4. Click the button “Convert”.

Now you can export the converted image as a C header file.

1. Select the menu File->Export As…
2. In the save dialog, set the export type to “C source code header (*.h)”
3. Click the button “Export”.

Open the generated header file in a text editor. You should see a section that begins with data like:

static char header_data_cmap[256][3] = {
	{  0,  0,  0},
	{244, 38,117},
	{ 28,239,250},

and a second section that begins like:

static char header_data[] = {

For the Arduino or ATMEGA microcontrollers with limited RAM, these declarations must be modified to store the data in program memory (flash ROM) instead of in RAM. Other microcontrollers can skip this step.

For both of the above sections, change static char to const unsigned char, and add PROGMEM just before the = sign:

const unsigned char header_data_cmap[256][3] PROGMEM = { ...

const unsigned char header_data[] PROGMEM = { ...

Then use the function LoadROMImage() to read the bitmap data and set the corresponding pixels in the LED matrix framebuffer.
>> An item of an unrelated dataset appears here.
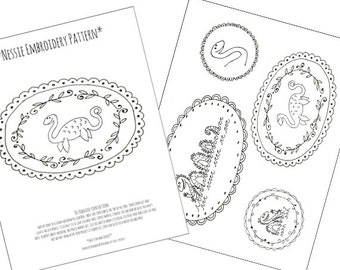 Lochness Monster Sea Monster Nessie Loch Ness Embroidery Pattern Printable Cryptozoology Download Digital PDF Hand Embroidery 0092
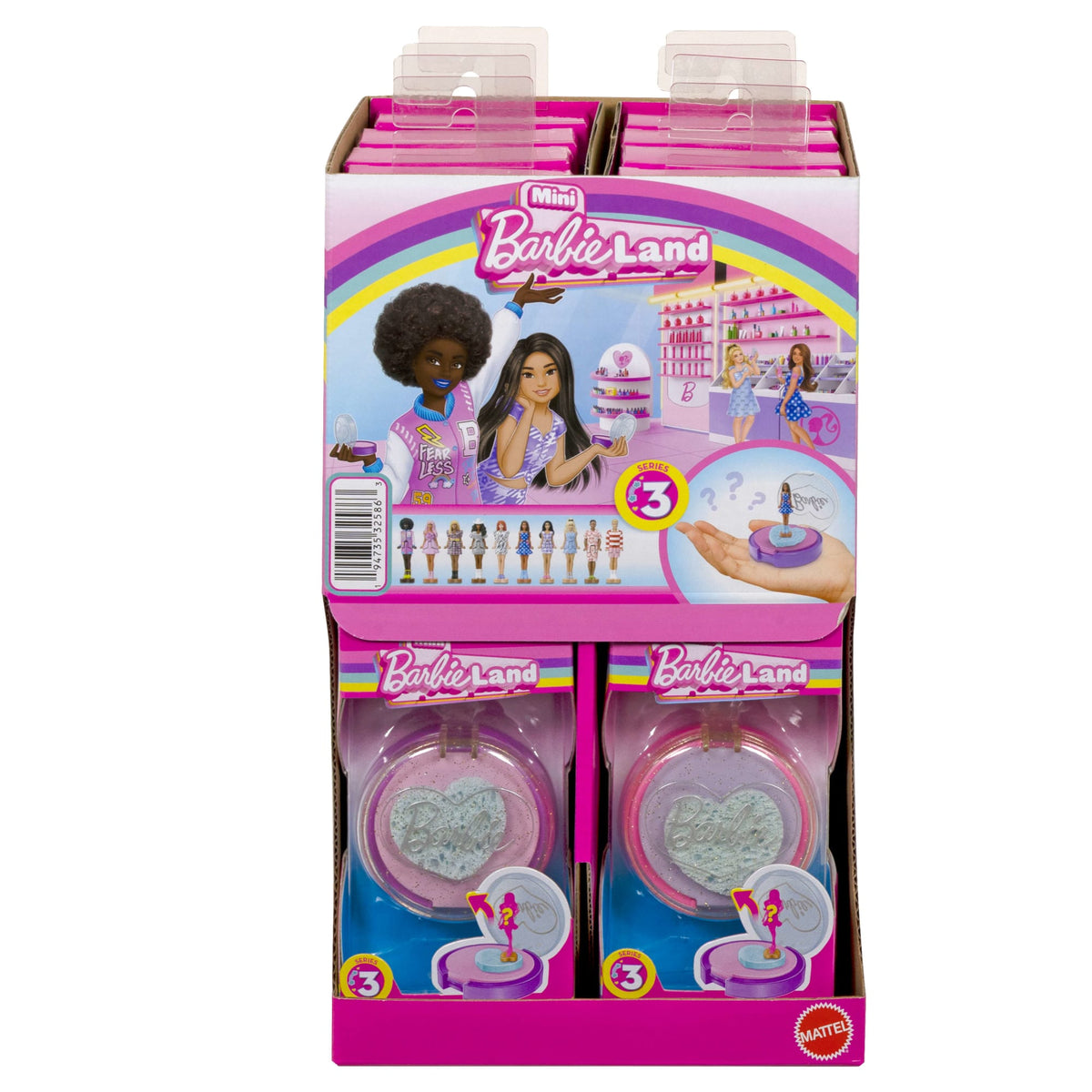 Barbie Mini Barbie Land Fashionistas Dolls, 1.5-Inch Dolls in Perfume Compact, Surprise Reveal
Here’s the updated example code:


The bitmap data is palettized color, where each palette entry is a color with 8 bits of red, 8 bits of green, and 8 bits of blue. LoadROMImage() just uses the most significant bit of each color channel to select the 3-bit color for the LED matrix framebuffer. If you want something fancier, you could try some kind of error-minimization code for selecting the 3-bit color instead. But if you care strongly about attractive-looking colors, then you should probably use Adafruit’s PWM library or something similar, instead of this code.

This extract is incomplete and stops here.